The ABINIT Users Mailing List ( CLOSED )

[Z_Lin <applelinux@gmail.com>]

> > So if the system is excited by a laser pulse, can the matrix element be
> > the same? I mean, since the screen potential is from the fact that the
> > electrons react to contribute to the effective potential. Wouldn't this
> > effective potential change when the electrons are excited in terms of
> > non-zero electron temperatures, temperature dependent?
> Yes, but it depends which time scales you are looking at. In a first
> approximation, immediately after the pulse, the electrons are excited in a
> really unequilibrated way. Then (normally) electronic processes allow
> thermalization of the electron population and the distribution of the
> states should be fermi-like. Later, the e-p coupling kicks in and the heat
> is progressively (sometimes quite quickly!) transferred or shared with the
> lattice.

Yes. I understand that the thermalization of hot electrons is
typically fast, on the scale of tens femtoseconds whereas the
relaxation of hot electron energy to the lattice in metals is much
slower, on ps scale. The question that I intended to ask was: if we
assume the establishment of a homogenous hot electron temperature
(electrons have thermalized themselves and formed a fermi
distribution) and look at the equilibration process of electron with
lattice, can we take the matrix element from previous GS calculation
as the electron-phonon interaction at this stage? I presume one need
to calculation at non-zero fermi temperature to obtain these elements
as setting a combination of tsmear and occopt=3 in the smearing for
metals like what you mentioned below?

>
> > And here comes another questions while I was reading your previous email
> > about the physical electron temperature tphysel and the laser paper by
> > CEA group PRL 2006.  I assume that they specify the value of tphysel to
> > be 6eV in abinit?
> tphysel is probably not necessary. To my knowledge they used just a fermi
> distribution. tphysel is for intermediate physical temperatures, when the
> physical smearing is not enough to improve your kpoint convergence.

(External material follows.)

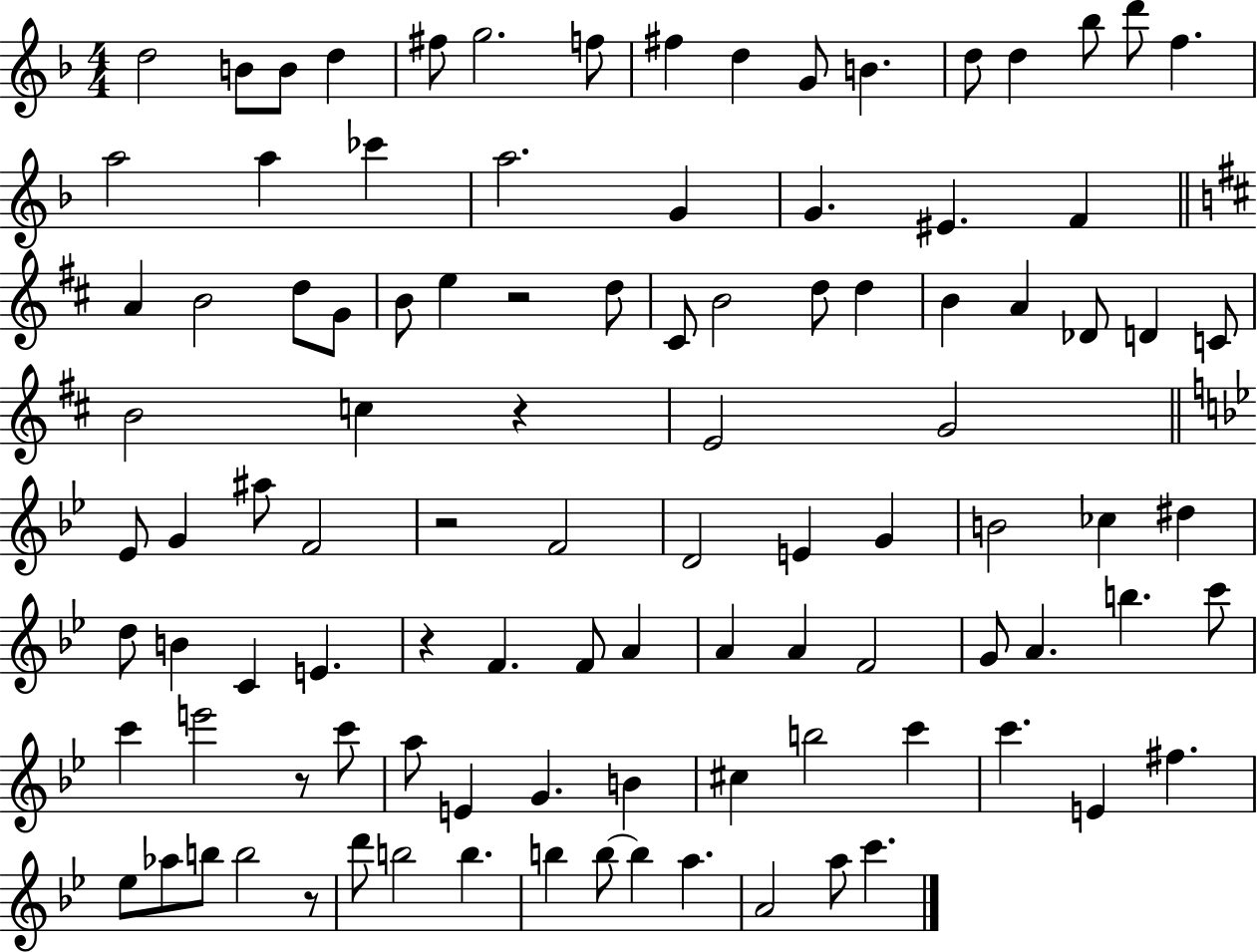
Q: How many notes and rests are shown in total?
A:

Then
> you can add a second (rapidly decaying) smearing function in order to
> improve your k convergence without destroying your electronic temperature
> dependence.

> > BTW, the umklapp processes is included in the calculations of matrix 
> > element?
> hmmmm. I'm not sure I know the answer to that one. You mean for q vectors
> out of the first BZ? I'll ponder that some more. Anyone have an idea?

Yes. That is exactly what I meant. But roughly the matrix element
varies as 1/(q+G)^2. So that value might be quite small though.

Thanks.
Zhibin